Canon EOS 50/1.8

by Philip Greenspun; created 1995

Site Home : Photography : Canon EOS 50/1.8

This lens has been replaced by the Canon EF 50/1.8 STM, which has similar optics and construction, but a much better autofocus motor

Nick Gittes and Alex. 1998. This is the lightest cheapest-feeling lens I've ever used on an SLR. It is all plastic, right down to the lens mount. The optical performance of the glass inside is fine, but manual focusing isn't much fun. Auto focusing isn't much fun either, because this lens does not contain a USM motor, but rather an ancient Canon EOS lens motor. Because of this primitive motor, simultaneous manual/auto focus isn't available with this lens.

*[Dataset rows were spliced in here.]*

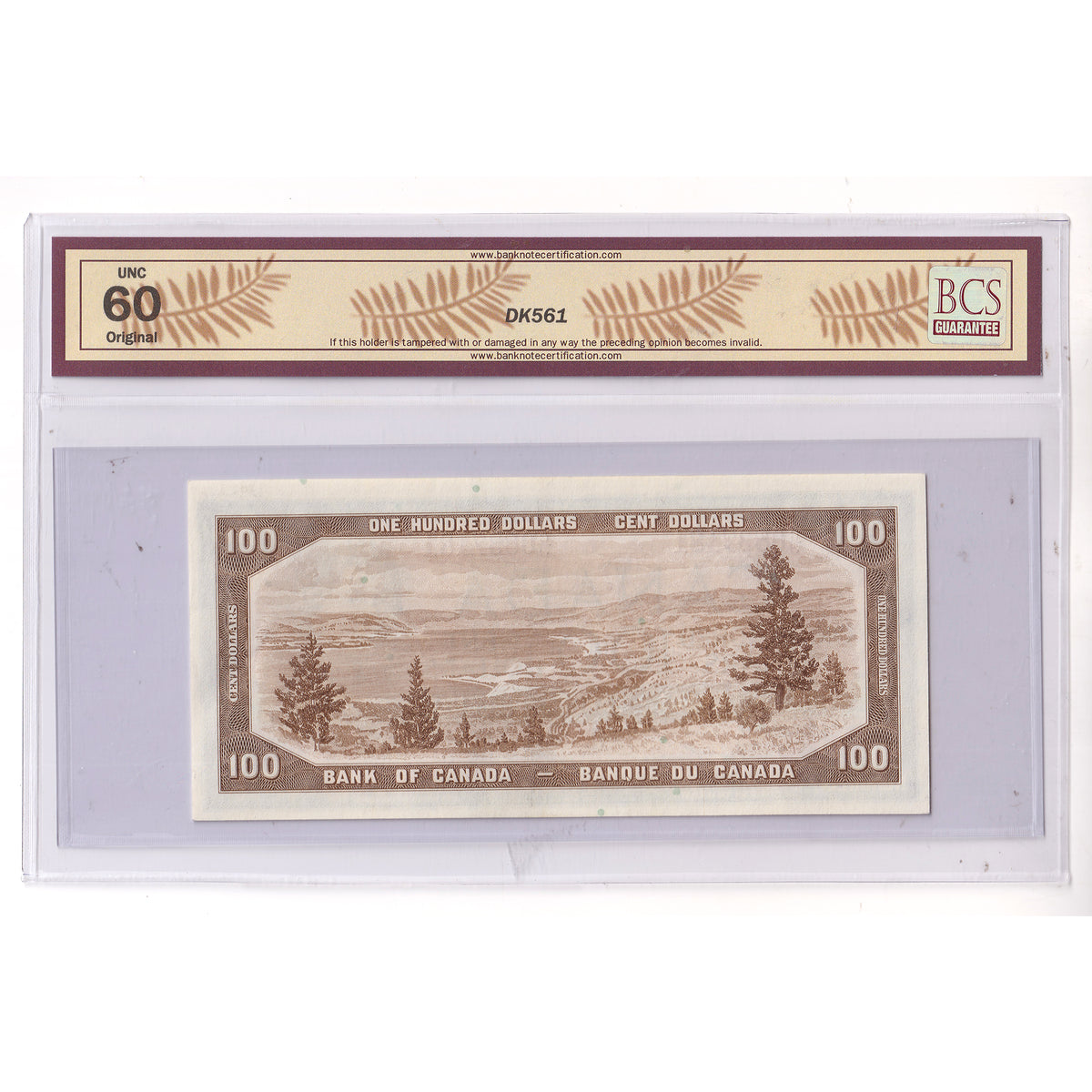 BC-43c 1954 Canada $100 Lawson-Bouey, Modified Portrait, C/J BCS Certified UNC60 Original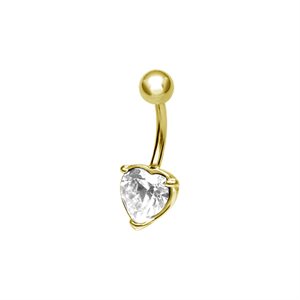 Banane de nombril plaquée or 24k avec coeur en zircon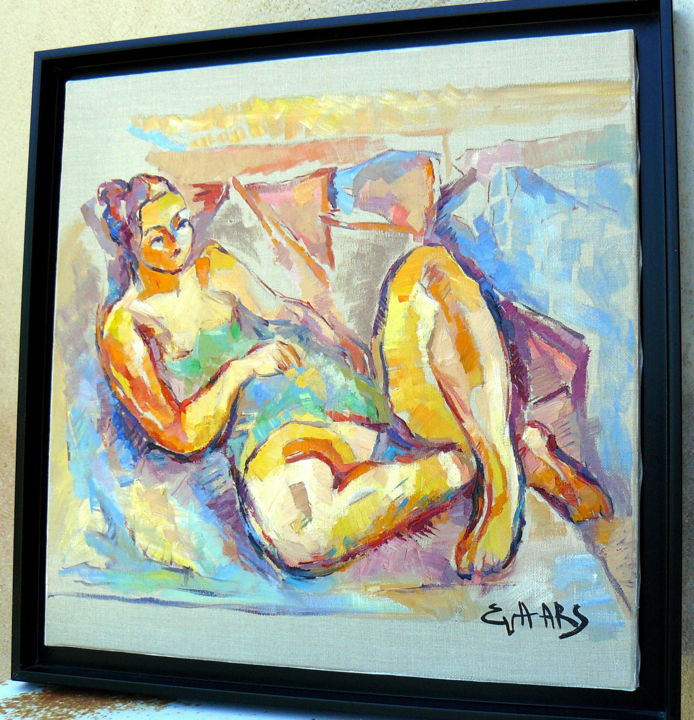 Peinture intitulée "la femme allongée" par Eva Ars, Œuvre d'art originale, Huile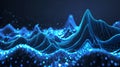 Abstract blue glowing particle wave peaks simulating data visualization and technological landscape Royalty Free Stock Photo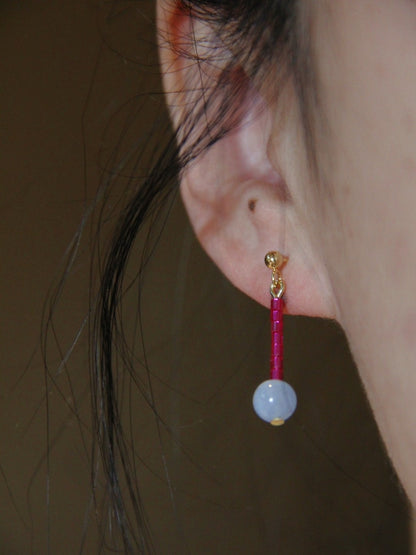 「Chinoiserie」Natural Jade Pink Blue Mini Beaded Earrings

Eric Jordan, brilliant young computer scientist. 545
Technology Square, 4th floor So why do I own this lens? It costs only about $80. It is incredibly lightweight. It takes vastly better pictures than a mid-range mid-priced zoom. It can take a photo without flash in light that is one quarter as bright as the light required by a consumer zoom (usually these have max apertures of around f/4).

If you intend to use manual focus often, you'd be better off with the 50/1.4 USM, which is a much more modern design and has a wider manual focus ring. It also has the USM so that you can do simultaneous manual/auto focus, the best feature of the Canon EOS system (though Nikon has begun to compete with their S range of lenses).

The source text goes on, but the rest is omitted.